TASK DESCRIPTION
When you copy from the entries that follow, take only the lines from the one with "GREENMAX Multigrain Cereal" down to the one with "毕业实习鉴定表自我鉴定 _第3页", keeping both ends and dropping every picture.

DATA FOR THIS EXERCISE

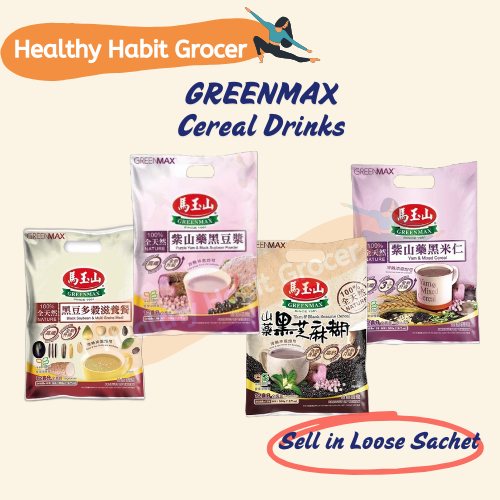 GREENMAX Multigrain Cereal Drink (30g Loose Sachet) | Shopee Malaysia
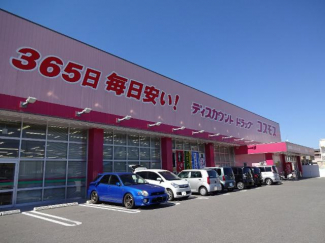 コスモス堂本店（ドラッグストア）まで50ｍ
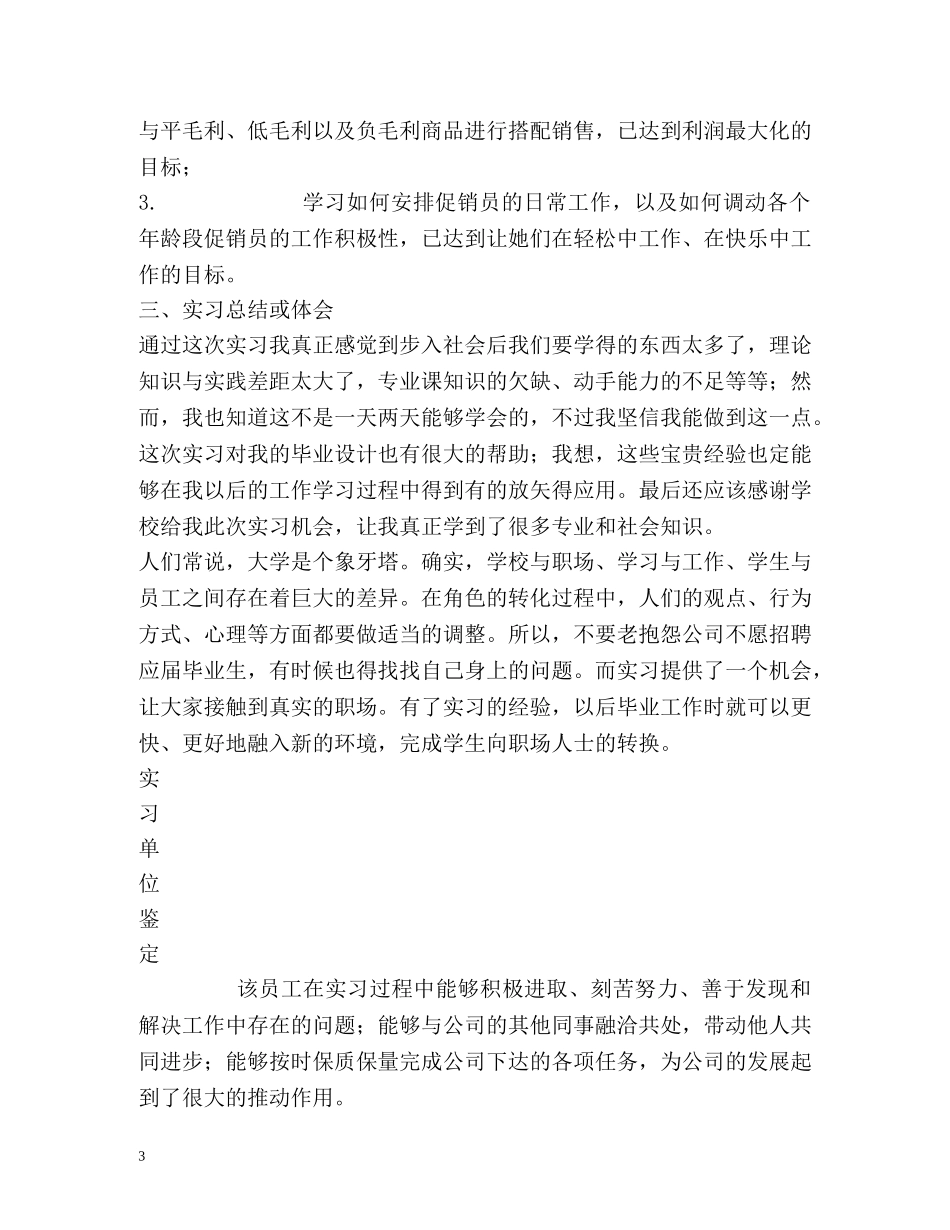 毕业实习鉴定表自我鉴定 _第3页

* * *

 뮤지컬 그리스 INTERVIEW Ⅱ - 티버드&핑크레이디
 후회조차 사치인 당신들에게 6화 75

SOLUTION FOR THIS PROBLEM
 GREENMAX Multigrain Cereal Drink (30g Loose Sachet) | Shopee Malaysia
 コスモス堂本店（ドラッグストア）まで50ｍ
 毕业实习鉴定表自我鉴定 _第3页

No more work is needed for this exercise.